PROVIDED DATA —
================

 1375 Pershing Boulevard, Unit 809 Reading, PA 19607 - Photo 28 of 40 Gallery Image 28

================

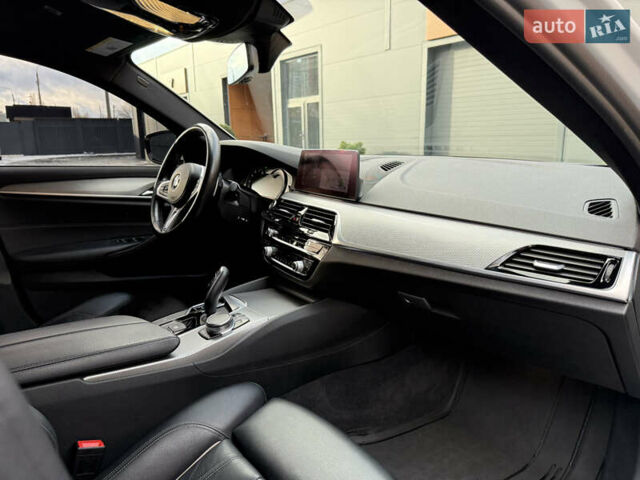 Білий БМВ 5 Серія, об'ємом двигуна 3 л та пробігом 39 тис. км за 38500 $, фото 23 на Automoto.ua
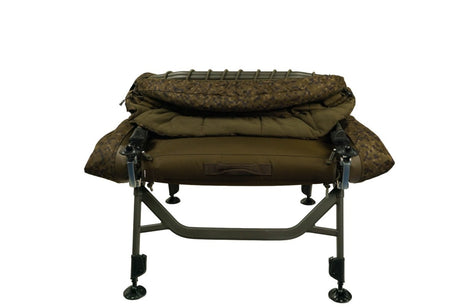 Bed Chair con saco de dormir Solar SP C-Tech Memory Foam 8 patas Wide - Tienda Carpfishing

================

WHAT THE TASK ASKS —
Starting at the line above that holds "Білий БМВ 5", return each line up to and including the one that holds "Bed Chair con", exactly as written, minus any pictures.

RESPONSE —
 Білий БМВ 5 Серія, об'ємом двигуна 3 л та пробігом 39 тис. км за 38500 $, фото 23 на Automoto.ua
 Bed Chair con saco de dormir Solar SP C-Tech Memory Foam 8 patas Wide - Tienda Carpfishing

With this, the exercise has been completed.